ところが、これがRyzenになると、Core i7 7700Kと同等の性能だとして考えると、CPUとマザーボードの合計価格では5~6万円程度で収まる事になる。これは最上位X370チップセットを載せていてもこれぐらいの価格と言われている。
実際には、チップセット以外の機能を組み合わせたマザーボードの最終製品価格を見てみないとわからないが、AMDの説明では大凡こんな感じである。
Intel製品の場合、前世代からの乗り換えなら共通してマザーボードが使えるだろうと思うかも知れないが、Intelは現世代のKaby Lakeの前、つまりSkyLakeでソケットをLGA1150からLGA1151に変えているため、前世代のマザーボードをそのまま流用できるのはSkyLakeからの乗り換えのみである。
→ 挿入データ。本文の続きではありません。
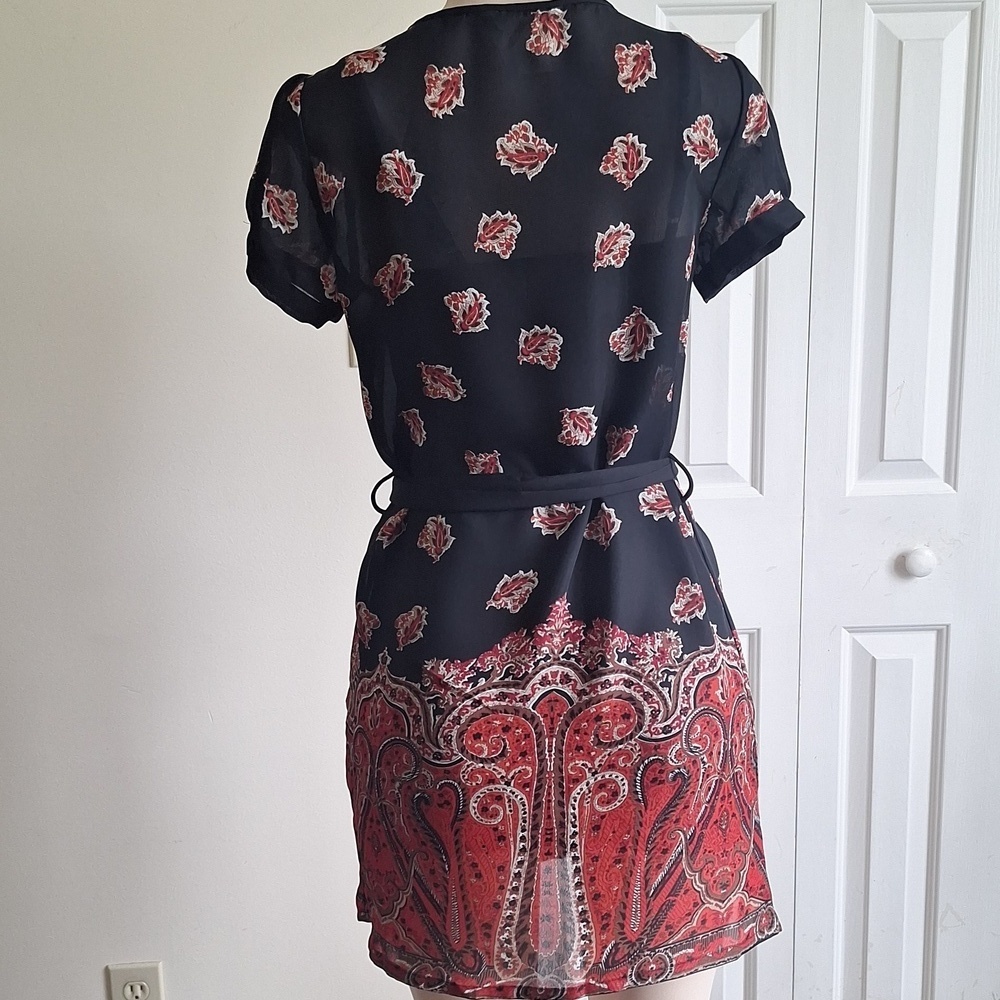 Charlotte Russe Black and Red Paisley Print Belted Dress Size S/M - Picture 4 of 9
全体として5~15%の性能アップの為にSkyLakeからKaby Lakeに乗り換える人はごく僅かと思われるため、ほとんどの人はCPUのみならずマザーボードも交換する事になるため、結果Intelが一社で価格を下げても大きなコストダウンには繋がらないという現実がそこにはある。
見えてきた周辺事情
また、ここに来て私として明確にAMDにメリットがあると確信を持った情報もある。
それはRyzenやX370のPCI Expressのレーン数の情報である。
今までRyzenは最低PCI Express 3.0を16レーンは持っている、という漠然とした情報しか得られていなかったのだが、どうもRyzenはPCI Express 3.0を20レーン持っているようだ。
また、X370チップセットもPCI-Express 3.0を4レーン、PCI-Express 2.0を8レーン持っている事が判明した。
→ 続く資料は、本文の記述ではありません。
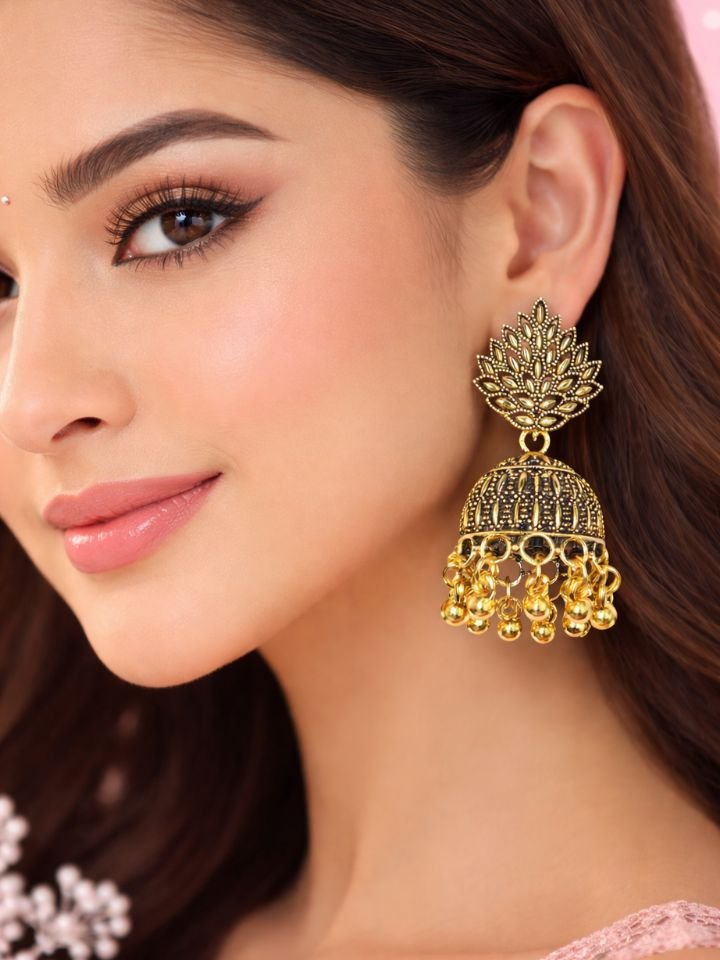 Gold Oxidised Dangler Earrings | Traditional Ethnic Dangler Earrings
つまり、フル機能を活かすことができるのであれば、PCI Express 3.0だけで24レーン(但しビデオで16レーン使用すると他は4レーン+4レーンに分けて使う事になる)、PCI-Express 2.0で8レーンの通信が可能という事になる。
また、RyzenはUSB3.0を4ポート、SATA 6.0Gbpsを2ポート持っていて、X370はUSB3.0を6ポート、SATA 6.0Gbpsを4ポート持っているため、これらも総計で考えるとUSB 3.0だけで10ポート、SATA 6.0Gbpsを6ポート持っている事になる。
下位チップセットのB350になるとココからグッと数は少なくなり、総計でUSB 3.0で6ポート、SATA 6.0Gbpsを4ポートという事になる。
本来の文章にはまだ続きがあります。